[Opening Supplied entries section]

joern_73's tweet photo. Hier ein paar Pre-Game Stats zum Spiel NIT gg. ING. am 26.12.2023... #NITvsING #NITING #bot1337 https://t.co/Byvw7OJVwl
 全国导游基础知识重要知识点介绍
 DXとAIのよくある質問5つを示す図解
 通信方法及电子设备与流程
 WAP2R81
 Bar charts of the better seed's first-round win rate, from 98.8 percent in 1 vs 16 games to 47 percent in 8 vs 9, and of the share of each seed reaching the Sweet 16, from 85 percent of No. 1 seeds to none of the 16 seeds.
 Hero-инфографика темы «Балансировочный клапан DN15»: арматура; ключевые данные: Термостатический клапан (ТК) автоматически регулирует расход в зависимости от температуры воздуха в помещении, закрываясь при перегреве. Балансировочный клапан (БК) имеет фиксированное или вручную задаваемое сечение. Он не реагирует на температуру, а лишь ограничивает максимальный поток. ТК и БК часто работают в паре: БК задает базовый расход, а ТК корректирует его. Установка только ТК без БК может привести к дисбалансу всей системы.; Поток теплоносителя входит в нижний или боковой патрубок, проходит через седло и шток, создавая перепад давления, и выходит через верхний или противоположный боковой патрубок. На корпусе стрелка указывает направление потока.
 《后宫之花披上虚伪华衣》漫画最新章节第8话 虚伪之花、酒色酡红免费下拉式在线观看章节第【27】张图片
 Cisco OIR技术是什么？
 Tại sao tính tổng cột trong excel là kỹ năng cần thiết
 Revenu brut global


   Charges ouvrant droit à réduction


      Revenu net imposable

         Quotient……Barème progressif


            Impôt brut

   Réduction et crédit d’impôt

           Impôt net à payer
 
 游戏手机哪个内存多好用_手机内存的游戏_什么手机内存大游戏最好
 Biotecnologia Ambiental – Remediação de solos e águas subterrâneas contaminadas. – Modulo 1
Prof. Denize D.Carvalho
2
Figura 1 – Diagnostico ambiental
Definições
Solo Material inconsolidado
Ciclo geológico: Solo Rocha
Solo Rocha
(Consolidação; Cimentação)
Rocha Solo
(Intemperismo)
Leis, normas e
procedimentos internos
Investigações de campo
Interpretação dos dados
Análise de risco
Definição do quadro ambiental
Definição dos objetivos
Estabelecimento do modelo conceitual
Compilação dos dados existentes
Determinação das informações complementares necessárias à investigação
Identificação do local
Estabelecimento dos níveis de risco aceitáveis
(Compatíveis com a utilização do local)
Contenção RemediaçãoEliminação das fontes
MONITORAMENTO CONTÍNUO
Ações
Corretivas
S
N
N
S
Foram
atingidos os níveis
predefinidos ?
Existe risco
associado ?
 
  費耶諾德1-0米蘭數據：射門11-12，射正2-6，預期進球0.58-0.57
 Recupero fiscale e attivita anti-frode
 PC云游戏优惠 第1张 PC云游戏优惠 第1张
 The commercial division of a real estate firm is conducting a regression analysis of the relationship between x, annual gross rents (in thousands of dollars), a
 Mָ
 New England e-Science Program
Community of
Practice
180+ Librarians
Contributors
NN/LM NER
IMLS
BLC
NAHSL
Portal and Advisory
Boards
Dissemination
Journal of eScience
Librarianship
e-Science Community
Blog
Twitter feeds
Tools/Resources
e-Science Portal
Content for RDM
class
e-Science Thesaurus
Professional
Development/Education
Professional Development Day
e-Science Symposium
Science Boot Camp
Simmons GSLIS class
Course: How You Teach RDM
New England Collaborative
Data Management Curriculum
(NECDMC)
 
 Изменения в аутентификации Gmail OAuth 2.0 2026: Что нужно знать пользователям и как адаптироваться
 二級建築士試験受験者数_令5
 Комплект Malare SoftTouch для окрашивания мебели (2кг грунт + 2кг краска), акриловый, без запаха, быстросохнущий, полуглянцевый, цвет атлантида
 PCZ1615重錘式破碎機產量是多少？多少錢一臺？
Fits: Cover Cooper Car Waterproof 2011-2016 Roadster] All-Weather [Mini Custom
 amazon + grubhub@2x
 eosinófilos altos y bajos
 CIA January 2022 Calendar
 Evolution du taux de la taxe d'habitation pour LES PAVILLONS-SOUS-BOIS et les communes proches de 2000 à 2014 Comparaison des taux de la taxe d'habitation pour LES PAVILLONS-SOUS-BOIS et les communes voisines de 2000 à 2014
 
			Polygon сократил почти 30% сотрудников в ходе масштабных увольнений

[Closing Supplied entries section]

> [What the exercise asks]:
Copy the lines above exactly, beginning at the line that has "atingidos os níveis" and stopping after the line that has "amazon + grubhub@2x", and omit the rest.

> [Task answer]:
atingidos os níveis
predefinidos ?
Existe risco
associado ?
 
  費耶諾德1-0米蘭數據：射門11-12，射正2-6，預期進球0.58-0.57
 Recupero fiscale e attivita anti-frode
 PC云游戏优惠 第1张 PC云游戏优惠 第1张
 The commercial division of a real estate firm is conducting a regression analysis of the relationship between x, annual gross rents (in thousands of dollars), a
 Mָ
 New England e-Science Program
Community of
Practice
180+ Librarians
Contributors
NN/LM NER
IMLS
BLC
NAHSL
Portal and Advisory
Boards
Dissemination
Journal of eScience
Librarianship
e-Science Community
Blog
Twitter feeds
Tools/Resources
e-Science Portal
Content for RDM
class
e-Science Thesaurus
Professional
Development/Education
Professional Development Day
e-Science Symposium
Science Boot Camp
Simmons GSLIS class
Course: How You Teach RDM
New England Collaborative
Data Management Curriculum
(NECDMC)
 
 Изменения в аутентификации Gmail OAuth 2.0 2026: Что нужно знать пользователям и как адаптироваться
 二級建築士試験受験者数_令5
 Комплект Malare SoftTouch для окрашивания мебели (2кг грунт + 2кг краска), акриловый, без запаха, быстросохнущий, полуглянцевый, цвет атлантида
 PCZ1615重錘式破碎機產量是多少？多少錢一臺？
Fits: Cover Cooper Car Waterproof 2011-2016 Roadster] All-Weather [Mini Custom
 amazon + grubhub@2x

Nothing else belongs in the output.